An introduction to the changes that the Earth has experienced, from its initial formation to the present day, intended for non-majors. Topics include changes in plate tectonic style, mountain building periods, glaciations during Earth history, formation of life, the fossil record and evolution, major extinctions, and the rise of man. Students may not take EASC 106 for credit towards EASC major or minor program requirements. Breadth-Science.

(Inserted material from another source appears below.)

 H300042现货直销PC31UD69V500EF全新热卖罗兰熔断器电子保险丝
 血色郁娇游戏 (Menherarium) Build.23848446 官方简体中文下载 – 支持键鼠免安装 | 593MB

EASC 106 is an introduction to the 4.6 billion year history of Earth, from its initial formation to the present day. This fascinating story traces the geological and biological events that make up our planet's past, and are recorded in the rock record.

Course Topics:
1. Introduction to Earth system history

  1. Minerals, rocks and the rock cycle
  2. Deep time and the Geologic Time Scale
  3. The fossil record and biological classification
  4. Continental Drift and Plate Tectonics
  5. Precambrian Earth
  6. Paleozoic Earth (“Age of Invertebrates”) and the Permian mass extinction event
  7. Mesozoic Earth (“Age of Reptiles”) and the Cretaceous mass extinction event
  8. Cenozoic Earth (“Age of Mammals”)
  9. The Anthropocene – the human impact on Earth

Students successfully completing this course will be able to:

  • Reproduce the geologic time scale
  • Demonstrate an understanding of geologic principles used to analyze Earth history; interpret a sequence of geologic events using relative age-dating concepts, maps, cross sections, and stratigraphic sections.
  • Demonstrate knowledge about the evolution of life on Earth
  • Identify key invertebrate fossil groups, types of fossil preservation, and use fossils to refine interpretations of Earth history.
  • Understand how Earth is a system that is ever changing.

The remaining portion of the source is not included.